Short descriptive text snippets
....

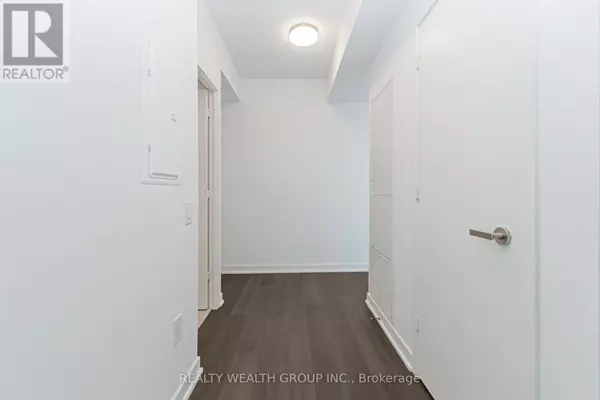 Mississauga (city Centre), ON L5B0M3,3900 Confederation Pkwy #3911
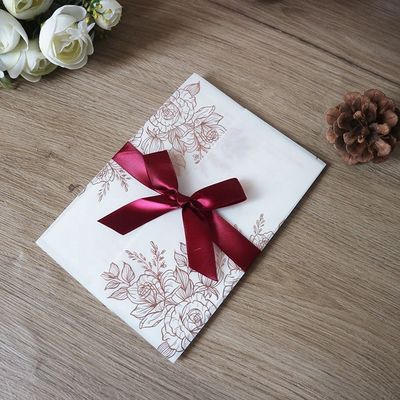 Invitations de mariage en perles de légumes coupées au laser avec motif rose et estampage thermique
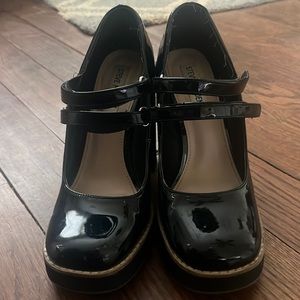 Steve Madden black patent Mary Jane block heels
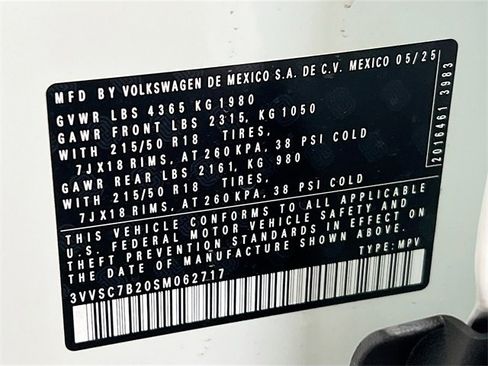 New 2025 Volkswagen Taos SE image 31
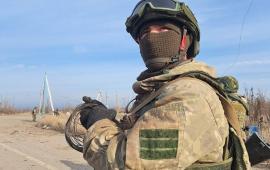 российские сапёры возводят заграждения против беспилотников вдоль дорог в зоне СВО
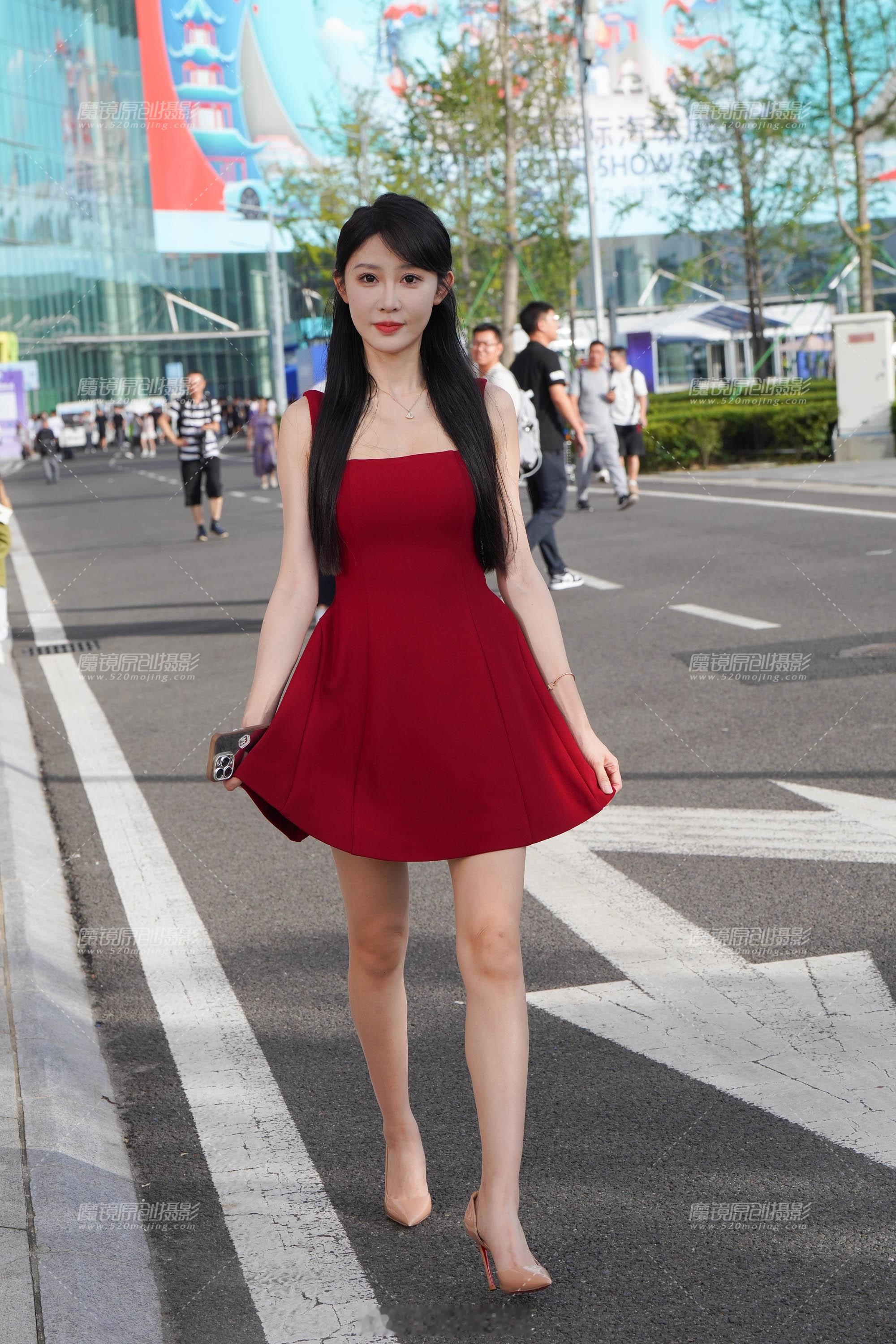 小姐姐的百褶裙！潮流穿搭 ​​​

....

Work instructions: For each entry, copy the text exactly and leave out any image it carries.

Output:
 Mississauga (city Centre), ON L5B0M3,3900 Confederation Pkwy #3911
 Invitations de mariage en perles de légumes coupées au laser avec motif rose et estampage thermique
 Steve Madden black patent Mary Jane block heels
 New 2025 Volkswagen Taos SE image 31
 российские сапёры возводят заграждения против беспилотников вдоль дорог в зоне СВО
 小姐姐的百褶裙！潮流穿搭 ​​​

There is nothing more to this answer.